Photo: Flickr.com / Trialsanderrors CC BY-SA-ND

Decarbonising European shipping

Powering ships with batteries, hydrogen or ammonia will decarbonise the European fleet and require only half the amount of renewable electricity that less efficient solutions like synthetic methane or synthetic diesel will need, according to a study by sustainable transport group Transport & Environment (T&E).

Battery-powered ships offer the most efficient and immediate solution to decarbonise short sea voyages within the EU. Longer journeys will ultimately require liquid hydrogen and liquid ammonia produced with zero-emission electricity. Powering ships calling at EU ports with a combination of the three would require around 25 per cent additional renewable electricity compared to total EU electricity production today, the analysis finds. This is a considerable amount but still half of what is required by other options like synthetic methane or synthetic diesel.

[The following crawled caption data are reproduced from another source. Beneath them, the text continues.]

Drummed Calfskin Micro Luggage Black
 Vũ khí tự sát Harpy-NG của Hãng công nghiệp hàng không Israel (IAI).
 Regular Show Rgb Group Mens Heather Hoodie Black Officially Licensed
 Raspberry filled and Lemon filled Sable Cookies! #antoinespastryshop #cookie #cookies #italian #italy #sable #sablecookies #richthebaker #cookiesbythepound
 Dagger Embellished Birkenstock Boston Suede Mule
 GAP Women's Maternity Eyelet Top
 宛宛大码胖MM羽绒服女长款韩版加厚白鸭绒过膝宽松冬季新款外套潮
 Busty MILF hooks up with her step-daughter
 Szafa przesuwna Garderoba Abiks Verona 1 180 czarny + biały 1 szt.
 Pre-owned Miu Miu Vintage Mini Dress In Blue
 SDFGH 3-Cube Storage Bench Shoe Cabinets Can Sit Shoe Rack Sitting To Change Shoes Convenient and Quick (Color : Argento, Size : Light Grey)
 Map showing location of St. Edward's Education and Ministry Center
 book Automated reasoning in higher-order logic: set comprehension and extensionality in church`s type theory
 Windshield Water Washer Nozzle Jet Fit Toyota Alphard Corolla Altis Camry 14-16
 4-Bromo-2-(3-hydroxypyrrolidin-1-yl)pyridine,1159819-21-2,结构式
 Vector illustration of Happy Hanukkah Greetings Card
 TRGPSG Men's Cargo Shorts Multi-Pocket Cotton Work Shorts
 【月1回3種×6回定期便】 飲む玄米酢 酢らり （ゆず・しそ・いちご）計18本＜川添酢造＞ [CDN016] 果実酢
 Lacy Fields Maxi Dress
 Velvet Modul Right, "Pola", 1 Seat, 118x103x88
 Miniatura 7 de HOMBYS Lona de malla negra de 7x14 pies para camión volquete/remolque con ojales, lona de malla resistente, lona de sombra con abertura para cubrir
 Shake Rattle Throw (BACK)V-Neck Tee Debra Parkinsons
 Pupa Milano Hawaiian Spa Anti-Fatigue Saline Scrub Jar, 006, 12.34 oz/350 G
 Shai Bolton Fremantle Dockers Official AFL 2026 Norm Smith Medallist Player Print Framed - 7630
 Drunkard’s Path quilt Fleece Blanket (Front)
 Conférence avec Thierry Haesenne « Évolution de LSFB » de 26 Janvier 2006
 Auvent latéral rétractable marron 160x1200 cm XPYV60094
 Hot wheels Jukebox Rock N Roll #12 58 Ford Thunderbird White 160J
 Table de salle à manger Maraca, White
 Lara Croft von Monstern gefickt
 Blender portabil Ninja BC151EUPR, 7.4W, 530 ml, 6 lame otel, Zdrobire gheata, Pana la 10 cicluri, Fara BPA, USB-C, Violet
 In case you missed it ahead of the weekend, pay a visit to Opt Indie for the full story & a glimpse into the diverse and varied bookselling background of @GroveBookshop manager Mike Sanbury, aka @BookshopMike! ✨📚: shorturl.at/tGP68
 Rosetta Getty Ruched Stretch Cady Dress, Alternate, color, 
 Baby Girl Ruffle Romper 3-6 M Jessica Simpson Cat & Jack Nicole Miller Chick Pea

Further investment in gas bunkering infrastructure would lock EU countries into using LNG, which does not offer a path to decarbonisation and in some cases is worse than other fossil fuels. Faig Abbasov, shipping officer at T&E, concluded: “We need to avoid wasting lots of time and money on solutions that can’t deliver shipping decarbonisation. The biggest pitfalls are biofuels, which can’t be scaled or enforced sustainably, especially in shipping. LNG and synthetic methane are other dead ends due to methane leakage and enforcement problems.”